Paper
21 December 2021 Reinforcement learning with teacher-student framework in future market
Sihang Chen, Weiqi Luo, Chao Yu
Author Affiliations +
Proceedings Volume 12156, International Conference on Algorithms, High Performance Computing, and Artificial Intelligence (AHPCAI 2021); 121560A (2021) https://doi.org/10.1117/12.2626423
Event: International Conference on Algorithms, High Performance Computing, and Artificial Intelligence (AHPCAI 2021), 2021, Sanya, China
Abstract
Based on computer science, mathematics, and statistics, quantitative trading models, especially the artificial intelligence-based models, are widely used in the financial field. These models show their profitability in securities markets. Many researchers use supervised learning methods to predict the price trend and generate long (short) signals. However, the accuracy that supervised learning methods focus on is at odds with the main purpose of the quantitative models to achieve excess returns.

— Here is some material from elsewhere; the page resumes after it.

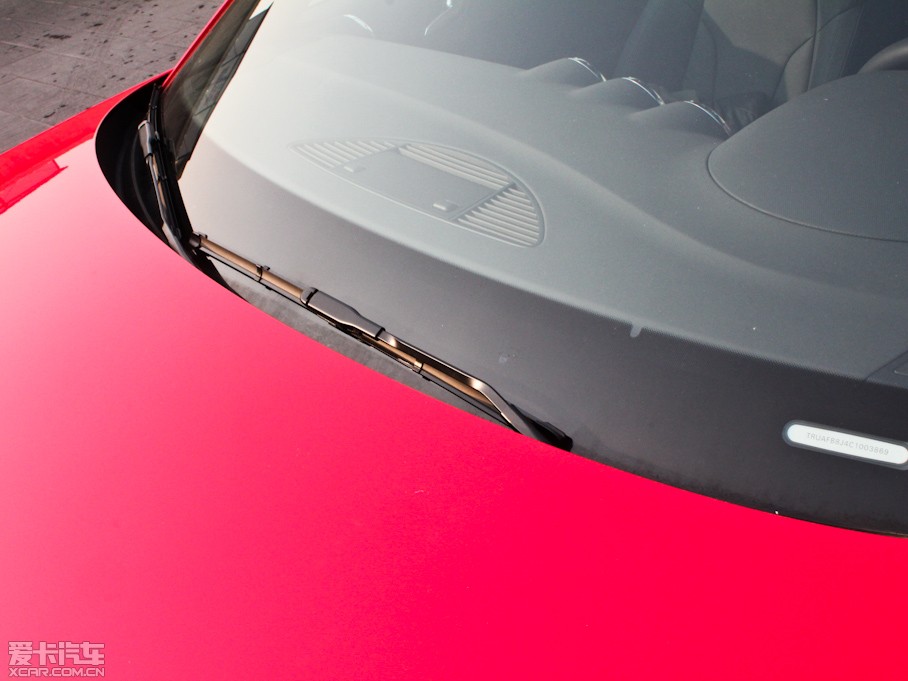 2011WTT Coupe 2.0TFSI Coupe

To solve this problem, we construct a reinforcement learning-based approach and introduce the Markov decision process to facilitate the market’s operating mechanism. Moreover, we calculate more than 100 high-frequency factors to enhance the perception ability of the model. To shorten the exploration process in the training stage, we design a teacher-student framework by utilizing the prior experiences and then use both teacher-environment and agent-environment interacting samples to calculate the temporal difference error (TD-error). This error is used to optimize the model. To measure the practicality of the proposed model, we use the back-test method and build up simulated CSI 300 and CSI 500 markets. Three commonly used technical analysis-based methods and two reinforcement learning-based methods are compared with the proposed one.
© (2021) COPYRIGHT Society of Photo-Optical Instrumentation Engineers (SPIE). Downloading of the abstract is permitted for personal use only.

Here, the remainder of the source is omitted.